Horses removed from the range are taken to the BLM’s Palomino Valley center north of Reno, where they’re put up for adoption or sent to long-term pastures in the Midwest.
The roundup in the southern portion of the Jackson Mountains resulted in the “gather-related” death of only one horse and the “non-gather-related” deaths of six horses due to pre-existing health conditions, BLM spokeswoman Heather Jasinski said.
“We put them down in the field at the trap site or temporary holding corrals,” she said, adding another three horses died after being transported to the Palomino Valley facility.
Anne Novak, executive director of California-based Protect Mustangs, said the animals probably would be alive today had they not been rounded up.

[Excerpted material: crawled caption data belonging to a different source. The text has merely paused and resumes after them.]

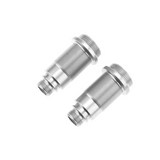 Team Corally C-00140-066 Alu. 7075 Front Shock Body (2)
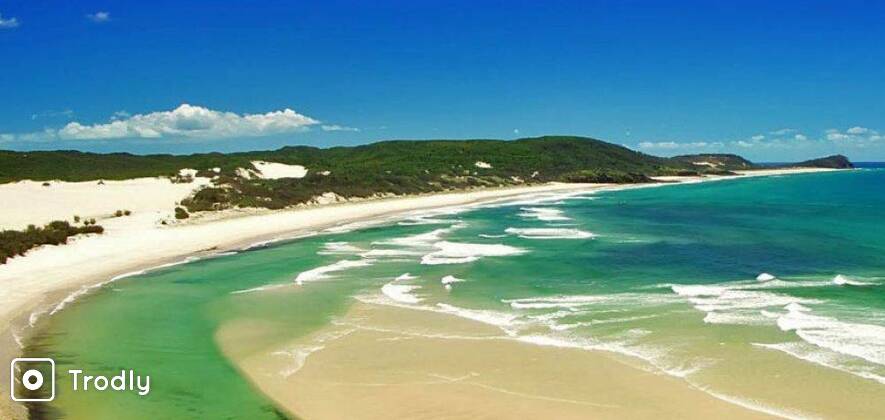 Beautiful Andaman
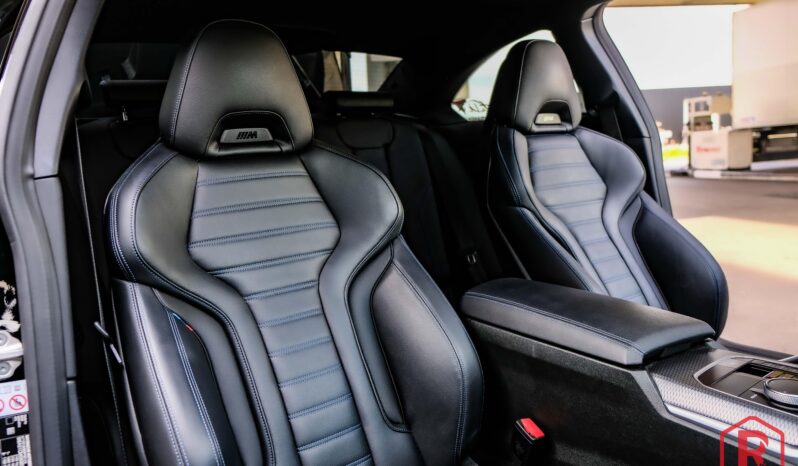 
								BMW M240i xDrive Coupé Dodehoek Belgisch Historiek full									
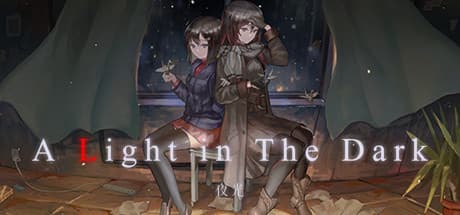 A Light in the Dark media 1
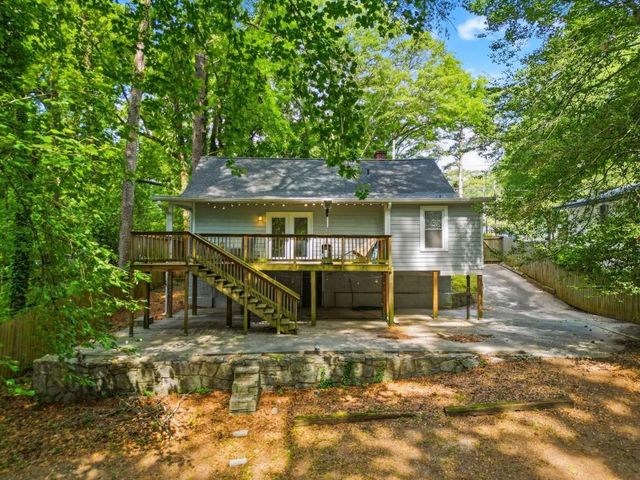 992 Westmont Road SW, Atlanta, GA 30311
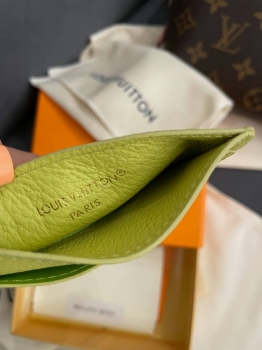 Визитница Louis Vuitton Артикул BMS-145684. Вид 2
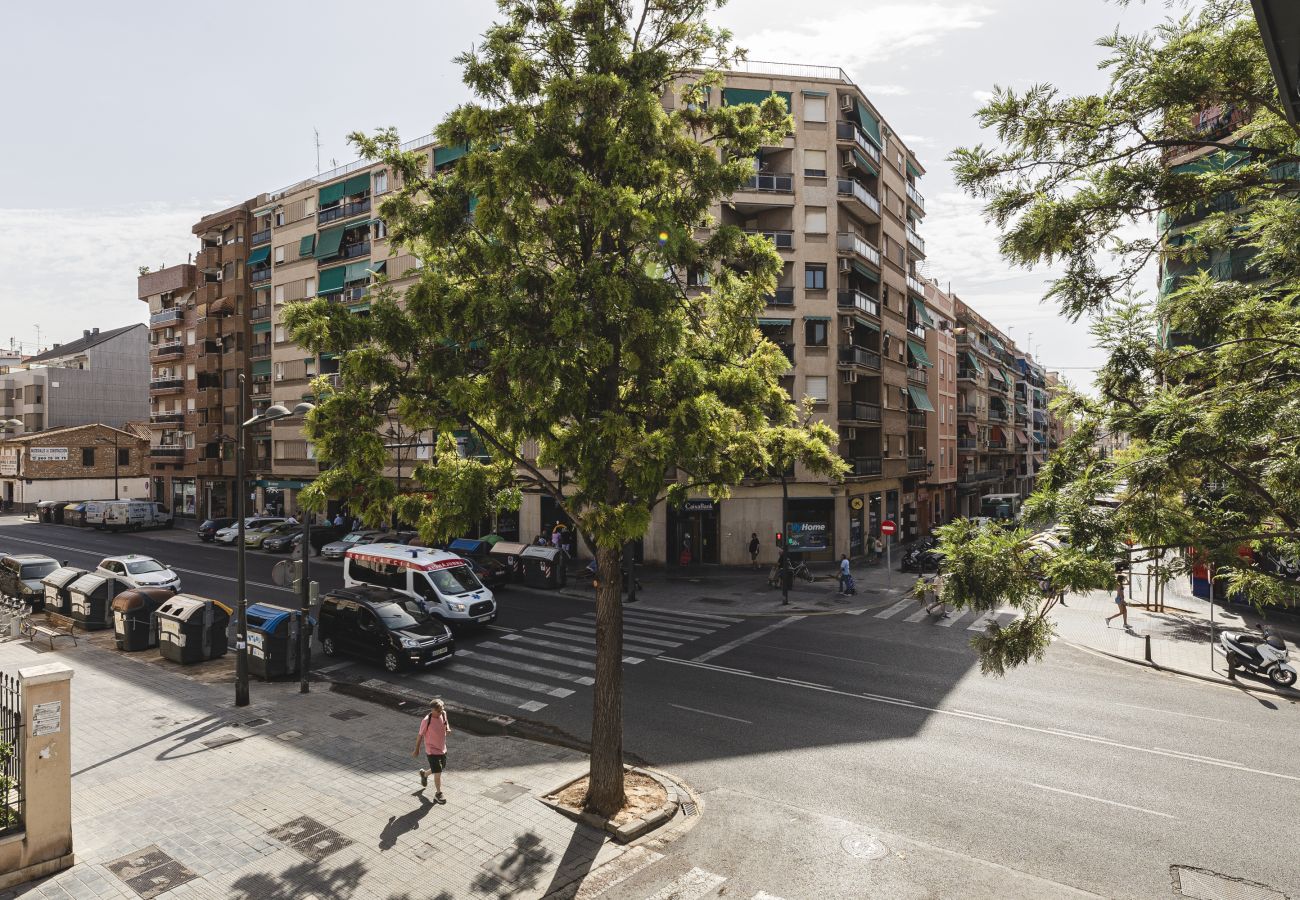 Apartment in Valencia / València - Olala Valencia Loft 3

“Curiously, these wild horses were surviving on the range and only died at the hands of the BLM after being captured,” she said. “We want transparency and request that all deaths be counted as roundup-related when they die or are euthanized within 30 days of the roundup.”
The helicopter roundup puts pregnant mares and tiny foals “seriously at risk,” Novak added.
“Just because it’s July 1 doesn’t mean foals aren’t being born,” she said. “Running foals with delicate hooves for miles is inhumane … Helicopter roundups are terrible. They traumatize the wild horses when they stampede them for miles.”
Nevada is home to about half of the estimated 37,000 wild horses on public lands in 10 Western states.